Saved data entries
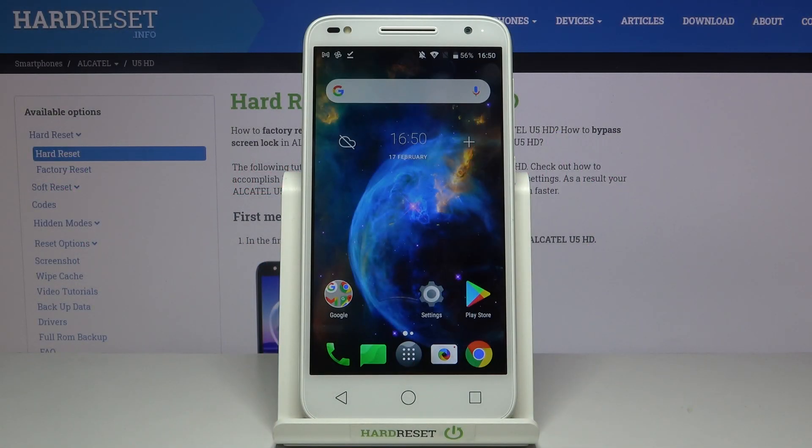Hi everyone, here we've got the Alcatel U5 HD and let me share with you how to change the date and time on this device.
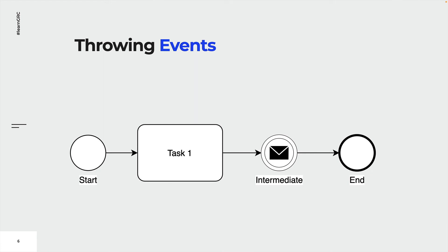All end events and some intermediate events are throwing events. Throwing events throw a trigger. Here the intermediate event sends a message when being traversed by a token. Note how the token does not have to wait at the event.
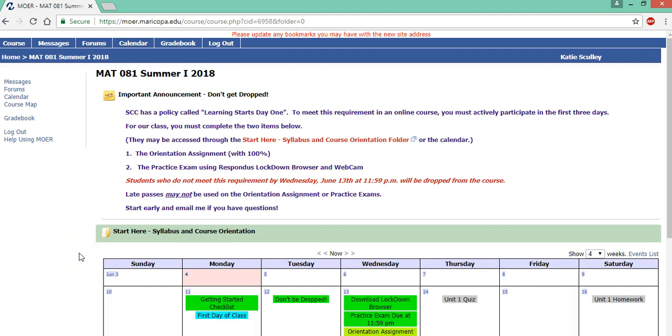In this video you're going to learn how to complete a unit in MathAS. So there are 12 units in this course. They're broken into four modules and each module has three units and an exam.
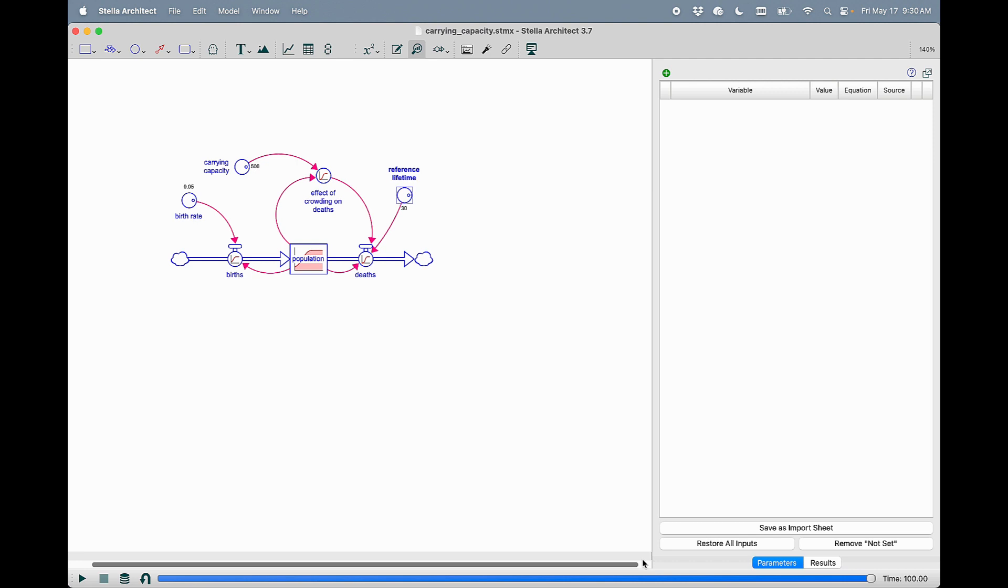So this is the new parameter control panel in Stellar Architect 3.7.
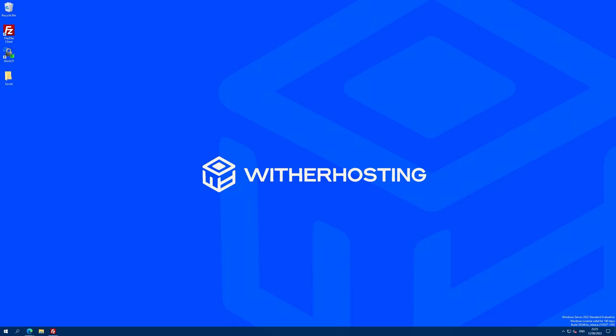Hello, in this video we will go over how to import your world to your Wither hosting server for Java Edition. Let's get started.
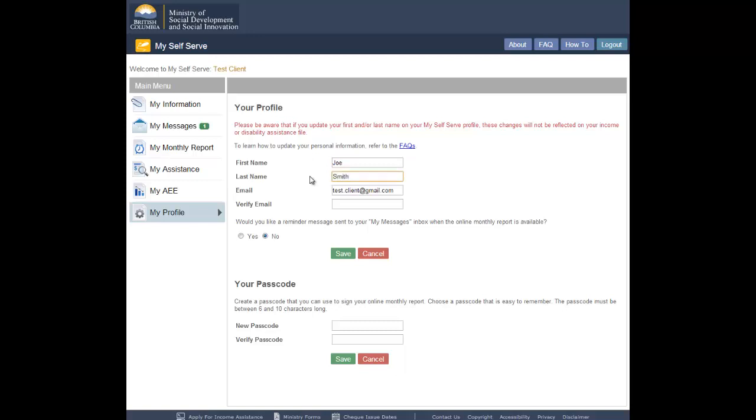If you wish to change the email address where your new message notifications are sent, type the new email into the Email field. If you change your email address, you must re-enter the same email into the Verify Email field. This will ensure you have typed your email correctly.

▶ [Task prompt]: Exact copy, no pictures: please print every record above as written.

▶ [Reply to the exercise]:
Hi everyone, here we've got the Alcatel U5 HD and let me share with you how to change the date and time on this device.
All end events and some intermediate events are throwing events. Throwing events throw a trigger. Here the intermediate event sends a message when being traversed by a token. Note how the token does not have to wait at the event.
In this video you're going to learn how to complete a unit in MathAS. So there are 12 units in this course. They're broken into four modules and each module has three units and an exam.
So this is the new parameter control panel in Stellar Architect 3.7.
Hello, in this video we will go over how to import your world to your Wither hosting server for Java Edition. Let's get started.
If you wish to change the email address where your new message notifications are sent, type the new email into the Email field. If you change your email address, you must re-enter the same email into the Verify Email field. This will ensure you have typed your email correctly.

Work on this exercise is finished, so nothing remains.